January 19, 2007
Director of Media Relations
413/542-8417

AMHERST, Mass.—A panel of national school-reform advocates and Amherst school teachers and administrators will discuss “Should No Child be Left Behind?”at 7 p.m. on Saturday, Jan. 27, in the Cole Assembly Room in Converse Hall at Amherst College. The panel will feature Wendy Puriefoy, founding president of the Public Education Network; public policy theorist William Howell of the University of Chicago; Jere Hochman, superintendent of the Amherst Regional Public Schools; and Michael Morris, a 2000 Amherst College graduate who now teaches 5th and 6th grade at Fort River School in Amherst. The discussion, which will focus on issues of school choice and educational access, is open to the public at no charge.

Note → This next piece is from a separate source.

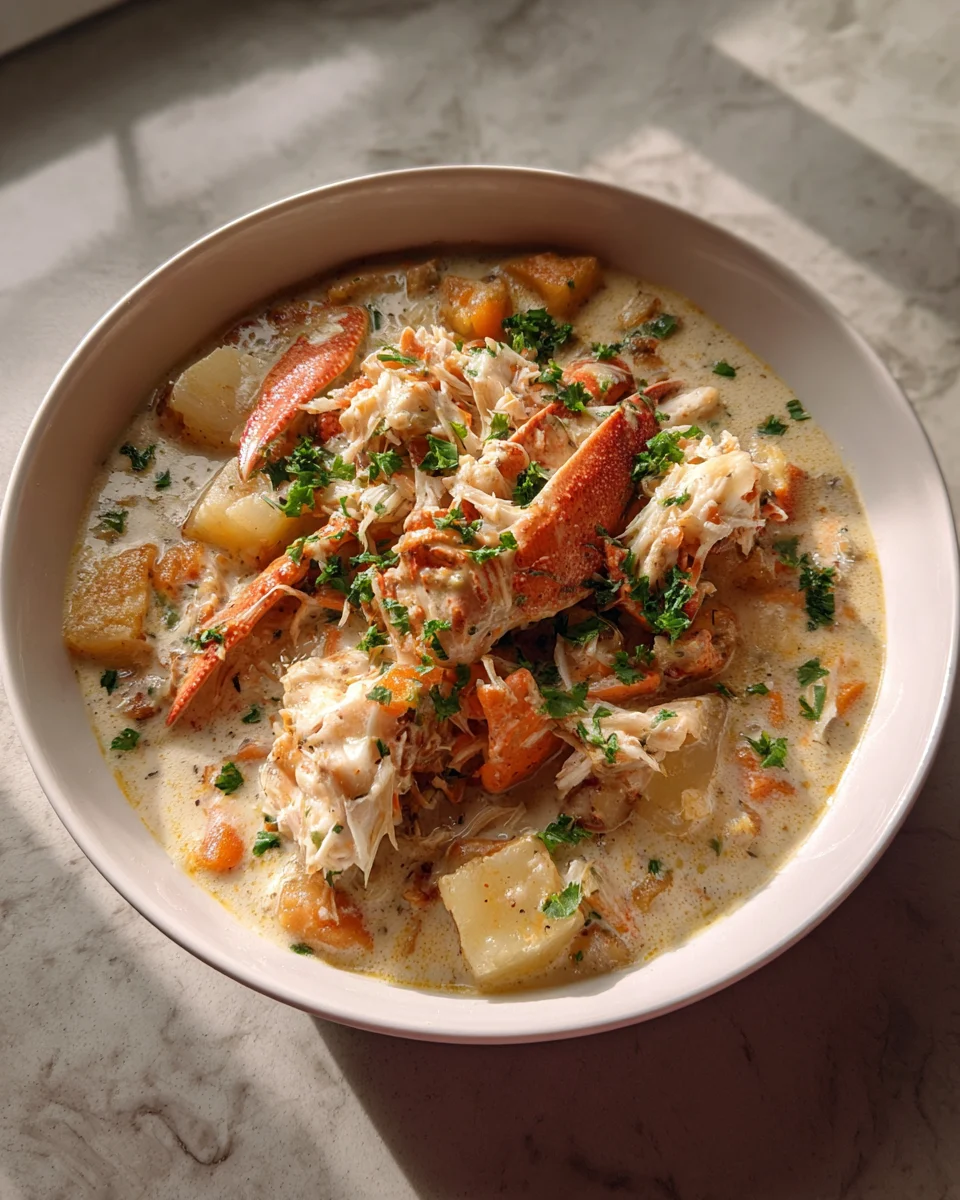 Creamy Crab Stew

Wendy Puriefoy is a nationally recognized expert on issues of school reform and civil society. Her activism in this area began in the 1970s, when she served as a special monitor of the court-ordered desegregation plan for Boston’s public schools. In 1991, she became the founding president of the Public Education Network. Under her leadership, PEN has grown into the nation’s largest network of community-based school reform organizations and a leading force behind systemic reform initiatives in school finance, governance, curriculum, parent involvement, libraries and student health. A frequent author and speaker on topics related to education, she also serves on a number of national committees and boards.

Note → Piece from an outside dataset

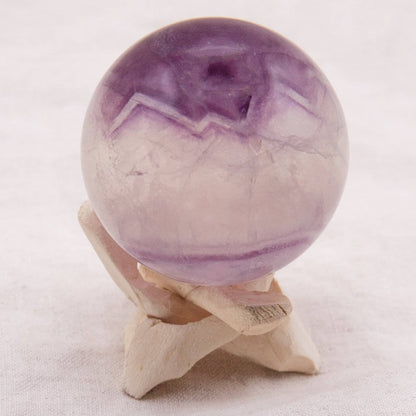 Rare Rainbow Fluorite Spheres - AAA Premium Quality - 1 of a Kind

William Howell is an associate professor in the Harris School of Public Policy at the University of Chicago. Before coming to the Harris School, Howell taught in the government department at Harvard University. He also served as deputy director of the Program on Education Policy and Governance and has written on a variety of education policy initiatives, including school vouchers, charter schools and the No Child Left Behind Act. He is the co-author of The Education Gap: Vouchers and Urban Schools (2002) and the editor of Besieged: School Boards and the Future of Education Politics (2005). He has also written widely on the U.S. presidency. A frequent contributor to academic journals, Howell was named Harvard’s 2004-05 Distinguished Research Faculty Associate and C. Douglas Dillon Scholar.

Jere Hochman is the superintendent of the Amherst Regional Public School system and the author of Thinking About Middle Schools. Before coming to Amherst, he spent 31 years as a teacher, principal and superintendent in the St. Louis area, where he was closely involved with the city’s lauded desegregation plan.

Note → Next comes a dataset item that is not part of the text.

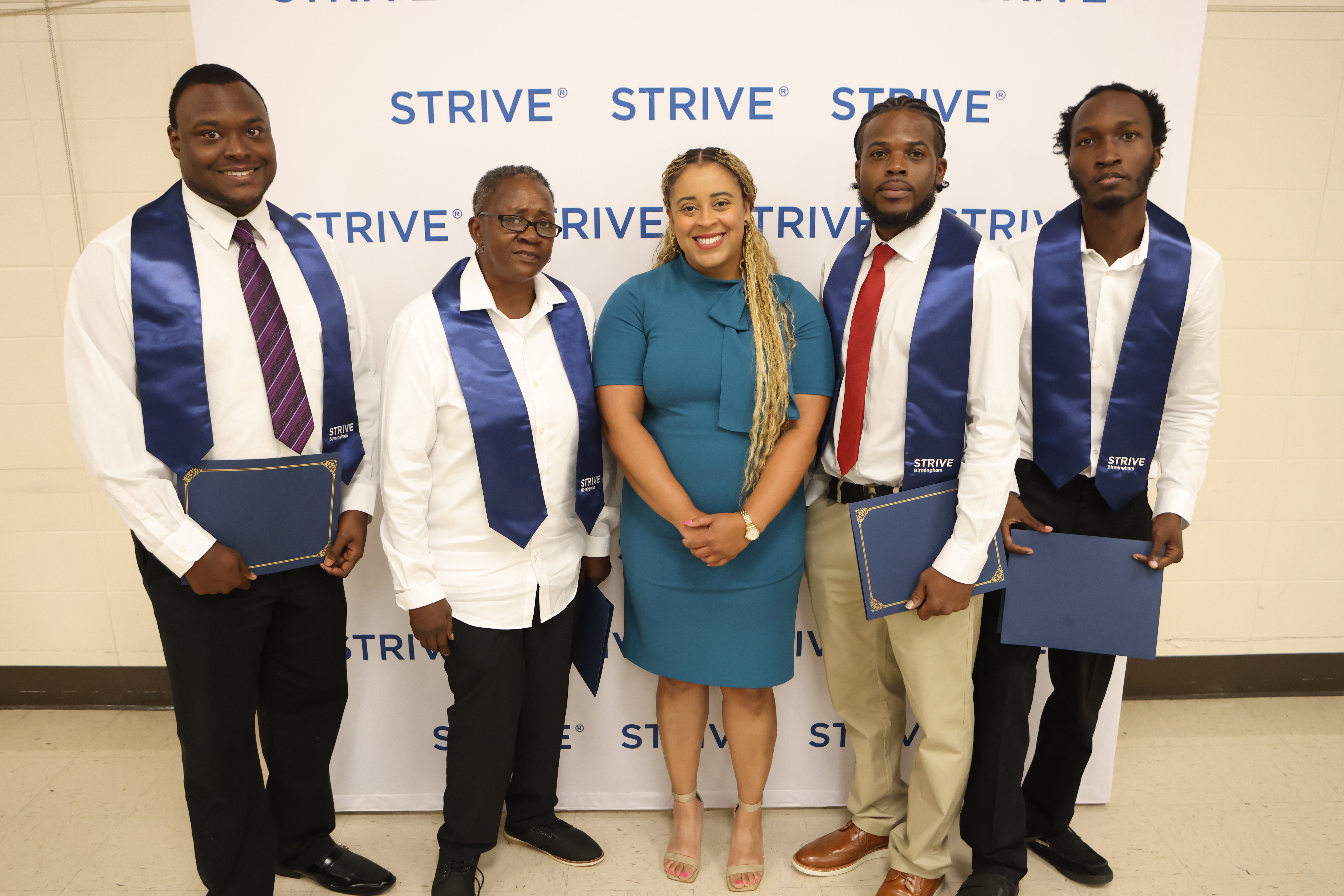 Fresh Start Graduates w Councilor Crystal Smitherman 1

This panel on public education is part of a new program of Interterm Colloquia at Amherst College. New at the college this January, the Interterm Colloquia provide students with an opportunity to engage more deeply in interdisciplinary work while connecting intellectual theories and ideas to complex, real-world problems, and to explore pressing societal concerns in depth. Interterm at Amherst College is a three-week period during the January break when students are given the opportunity to take informal non-credit courses, work on a senior thesis, take part in an internship, participate in community service or take a course at one of the other Five College campuses.